The fifth potential black juror struck by the state was struck because her son had been previously represented by defense counsel. The reason given for striking this potential juror was based on considerations other than race. See, Shelton v. State, 521 So. 2d 1035, 1038 (Ala.Cr. App.1988), writ denied, 521 So. 2d 1038 (Ala. 1988). Appellant argues that if a reason does not measure up to a sufficient reason to strike a juror "for cause," then it is *409 insufficient for a peremptory strike. The law is otherwise. Johnson, supra, at 820. Here, reasons were based on considerations other than race and the trial court correctly so ruled. We find no error.

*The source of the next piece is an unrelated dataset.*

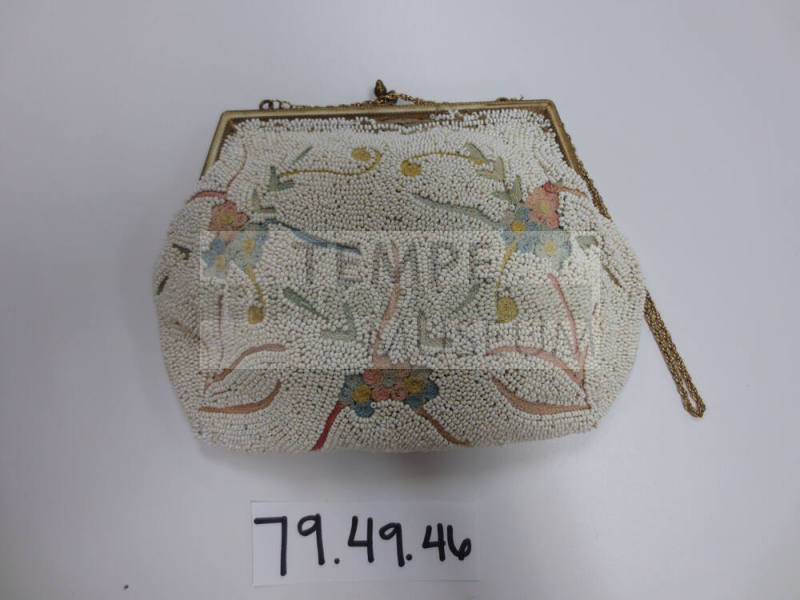 Evening Bag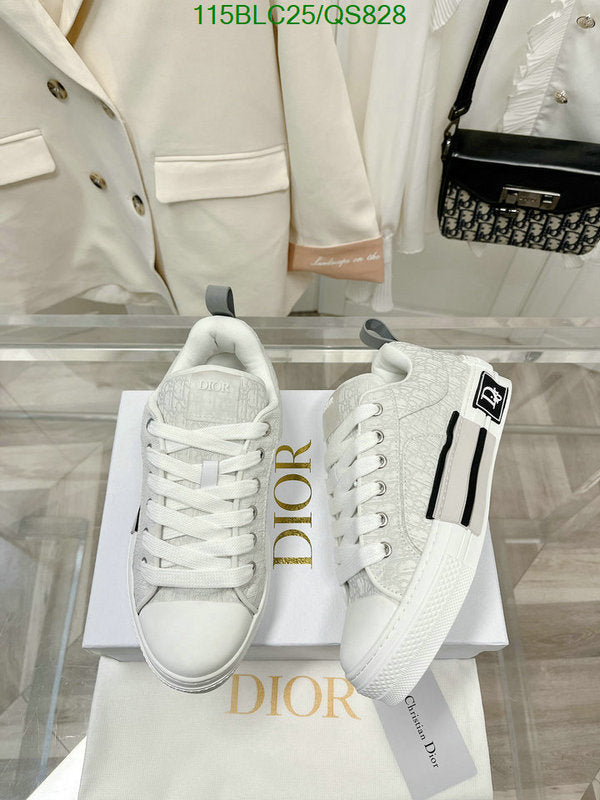 SAMC - DOR Women Sneakers - 052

Appellant also contends that a chain of custody of the surveillance videotape was not sufficiently established.

The recent case of Molina v. State, 533 So. 2d 701 (Ala.Cr.App.1988), sets out the law in this regard as follows:

"We adopt the `better reasoned rule' that `video recordings are admissible on the same basis as other types of photographic evidence, i.e. admissible when verified by some witness who can state that they are a reliable reproduction of the recorded picture and sound.' C. Scott, Photographic Evidence, supra, § 1297 at 98 n. 42.20 (1987 Pocket Part).

"`The motion picture on a film or videotape is at least a partial verification of the reliability of the sound track because the picture usually enables the viewer to tell who is speaking and in some instances, gestures and other movements of the speakers may make indistinct words understandable.' Scott at 95.

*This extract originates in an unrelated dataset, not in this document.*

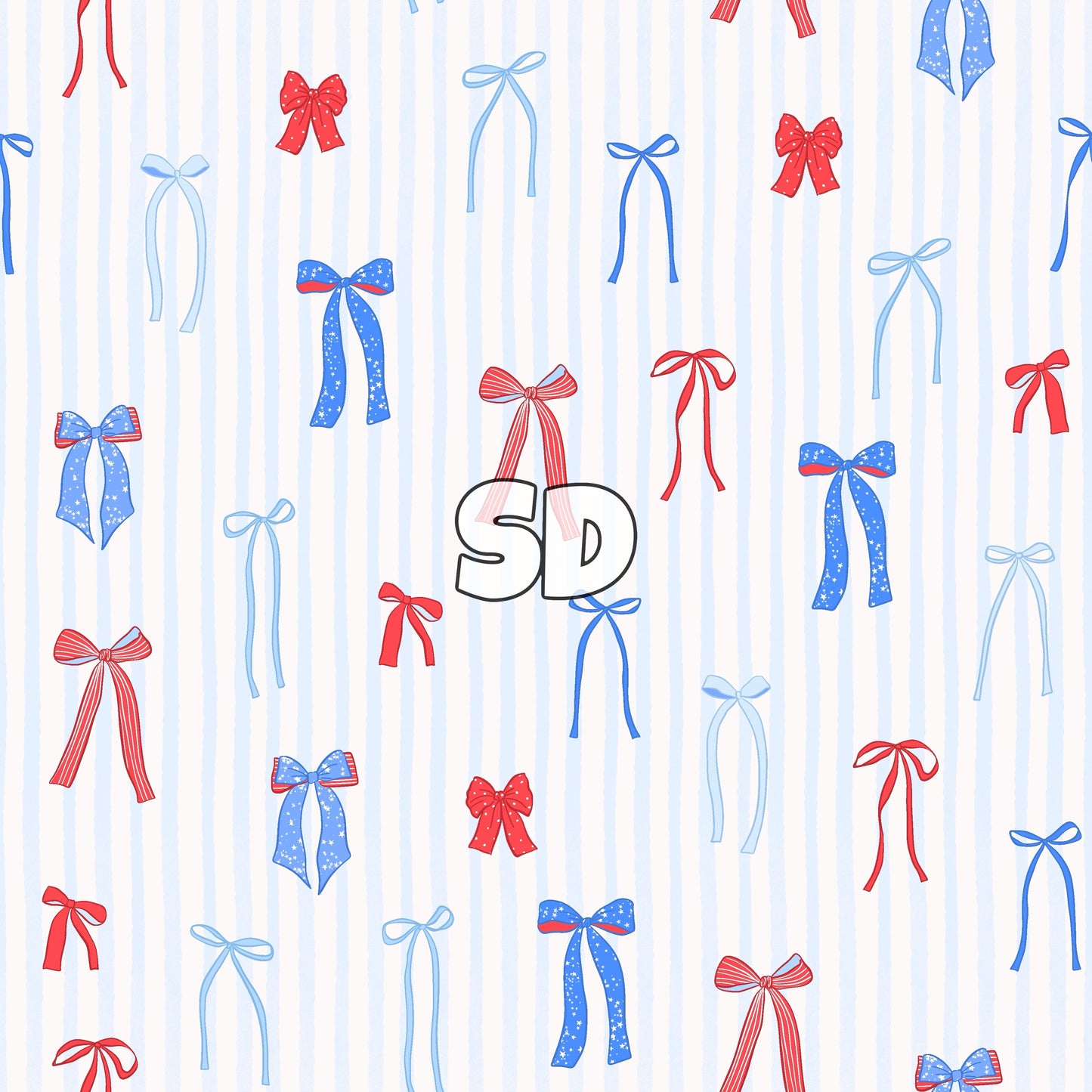 SD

"Accordingly, we reaffirm the predicate for admitting videotape evidence [[*]] announced by our Supreme Court in UAW-CIO v. Russell, [264 Ala. 456, 88 So. 2d 175 (1956), aff'd, 356 U.S. 634, 78 S. Ct. 932, 2 L. Ed. 2d 1030 (1958)] and we specifically reject the dicta in Voudrie v. State, 387 So.2d [248] at 256 [(Ala.Cr.App.1980) ], and cases following it, that have upheld the more stringent seven-pronged predicate for admitting sound recordings. `[T]he stringent requirements sometimes made for the verification of sound tape recordings should not be applied to the audio portion of videotape recordings.' C. Scott, Photographic Evidence, supra, at 95. The `seven-pronged test is now usually considered obsolete, even for sound recordings,' id. at 98 n. 42.20, and `has been abandoned in the better reasoned cases in favor of a rule holding that sound tapes like photographs are admissible when a witness testifies they are reliable representations of the subject sound,' id. at 97 n. 42.5. "The videotape was thus admissible without a showing of its chain of custody. `[A] proper foundation laid for the accuracy of what the film portrays obviates the need to establish a chain of custody to demonstrate its authenticity.' State v. Deering, 291 N.W.2d 38, 41 (Iowa 1980). Accord, Mikus v. United States, 433 F.2d 719, 725-26 (2d Cir. 1970); Paramore v. State, 229 So. 2d 855, 859 (Fla.1969), vacated on other grounds, 408 U.S. 935, 92 S. Ct. 2857, 33 L. Ed. 2d 751 (1972); Bremer v. State, 18 Md.App. 291, 307 A.2d 503, 535 (1973), cert. denied, 415 U.S. 930, 94 S. Ct. 1440, 39 L. Ed. 2d 488 (1974) (Videotape of attempted assassination of Governor George Wallace admitted without proving chain of custody of the film)."

In the case at bar, Mr. Chenault, who had viewed the videotape was able to testify that this videotape portrayed a reliable representation of what had happened at "Country Food Town" on the evening of the robbery. Such a foundation showing the accuracy of the videotape obviates the need to establish such a chain of custody as appellant contends was necessary. Molina, supra at 709.

Therefore, the trial court did not err in allowing this videotape into evidence.


All the Judges concur.


[*] Although Molina referred to the reaffirmation of a rule regarding videotape, it is clear that Molina was actually applying to videotape a rule previously announced in regard to motion picture films.